At the end of the article she relates an experience of teaching a post bar/bat mitzvah class. One of the teenagers a bright girl was struggling with the concept of converts being Jewish. She was of the opinion that only a born Jew could really be Jewish — I have to say it is an opinion that I hear with distressing regularity especially from born Jews who do not actually practice their Judaism — possibly because the only bit of Judaism they can lay claim to is the bit that is theirs by birth.

This teenager said that converts, because they had not had a Jewish childhood could never really become fully Jewish. Hadassah threw in a few difficult questions. Then the teenager sat back in her chair agitated and frustrated and said, “I wish I could meet a convert face to face and ask them whether they think that they are really Jewish” – Hadassah, now the girls Rabbi, looked at her sat back in her chair and said “OK,” she said, “ask me”.

I love working with people who are converting to Judaism. These are people who cannot and do not take Judaism for granted. Their questions are challenging and their needs a privilege to meet. It is something that our Synagogue can say with pride that people are welcome to become Jews here. Ours is a straightforward process where we are happy to share what Judaism is with those who wish to know. Many of the people who make this congregation what it is are people who became Jews in adulthood.  Rabbi Josh and now Rabbi Hannah put a great deal of dedicated work and effort into teaching and preparing people to take the joyful step into Judaism, with the help of Jon Epstein.  It is a beautiful part of Alyth just as the Megillah of Ruth is a beautiful Biblical story.

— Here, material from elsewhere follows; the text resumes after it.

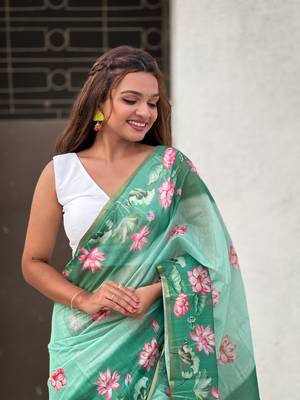 Sea green chanderi cotton pichwai printed saree with zari woven border 2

Our Megillah makes the strongest point about conversion when we find that Ruth, the heroine of the story’s grandson is King David — in Judaism the ultimate hero. Jewish peoplehood is not only transmitted by birth — to those who wish to join us our God can be their God, wherever we go they are welcome to join us and our people can be their people, and if they wish to train and then be ordained, they can be our teachers and Rabbis.